• **What to work on**
Produce a word-for-word copy of the lines from the one that contains "Two individuals wearing" to the final line of the data below, with all pictures dropped.

• **Dataset content**
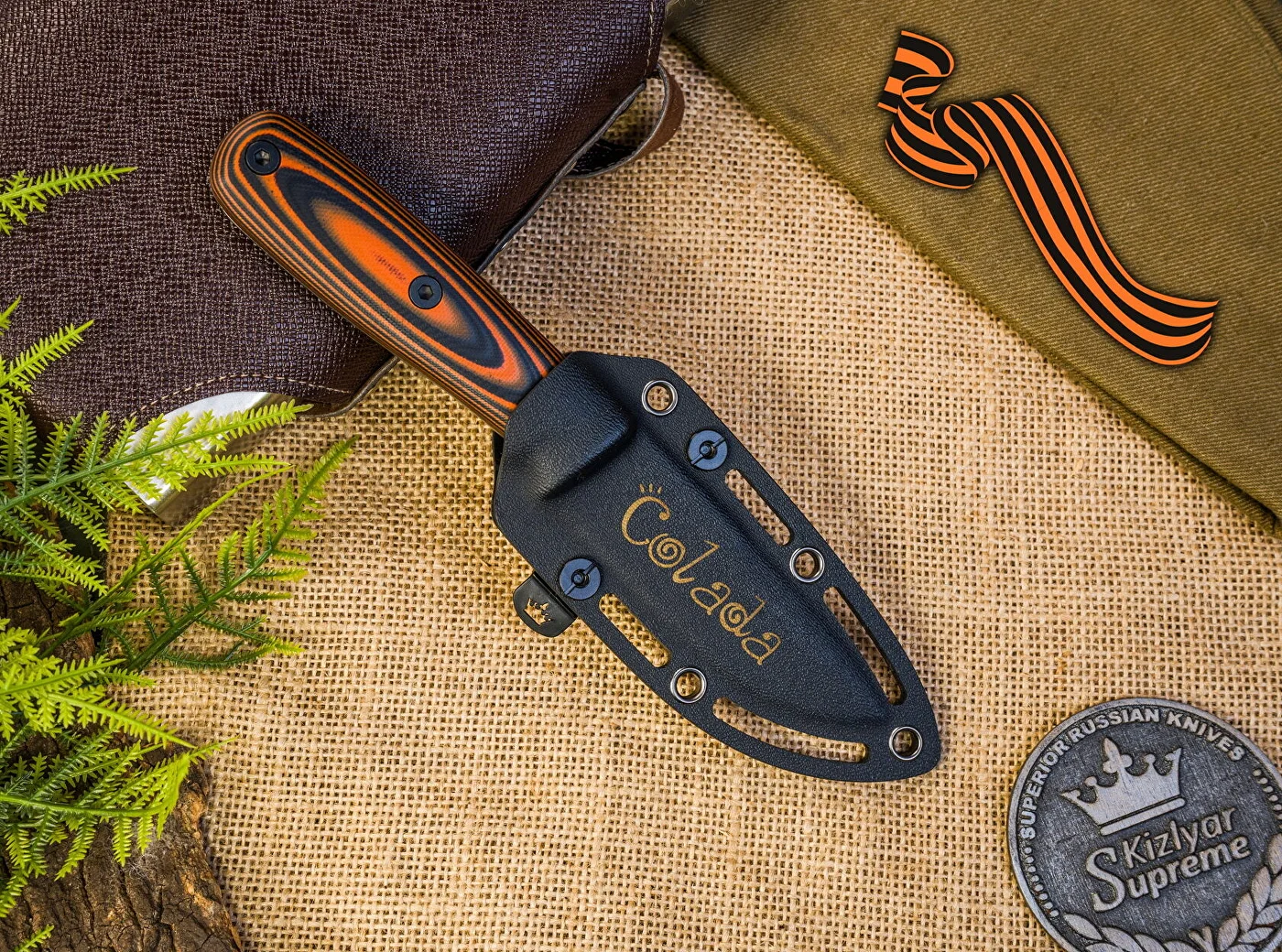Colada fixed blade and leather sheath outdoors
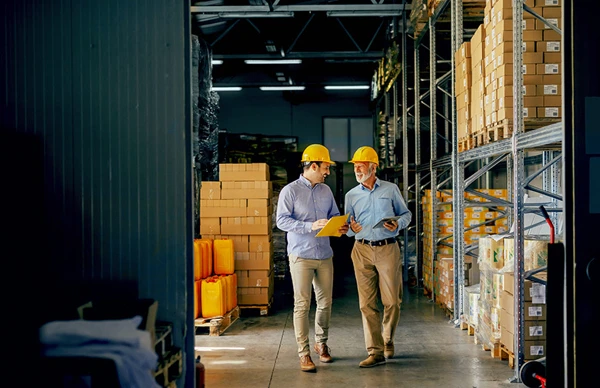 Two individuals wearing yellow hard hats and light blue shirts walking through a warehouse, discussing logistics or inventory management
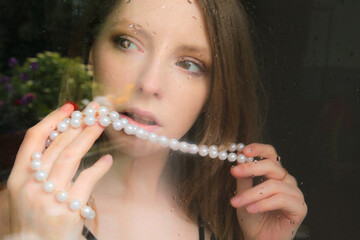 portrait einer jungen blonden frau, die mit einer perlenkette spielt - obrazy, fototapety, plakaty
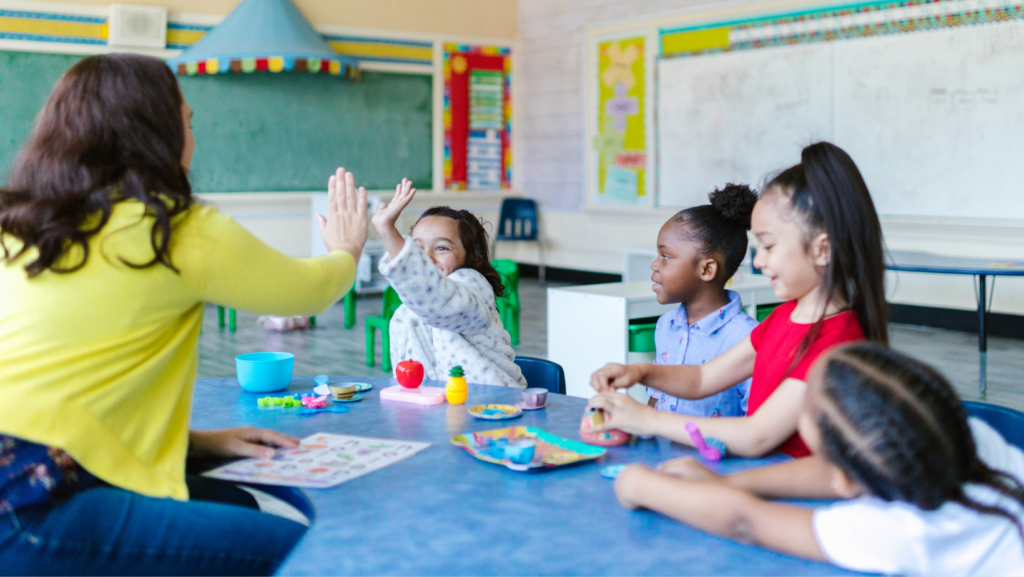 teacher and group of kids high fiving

• **Reply to the exercise**
 Two individuals wearing yellow hard hats and light blue shirts walking through a warehouse, discussing logistics or inventory management
 portrait einer jungen blonden frau, die mit einer perlenkette spielt - obrazy, fototapety, plakaty
 teacher and group of kids high fiving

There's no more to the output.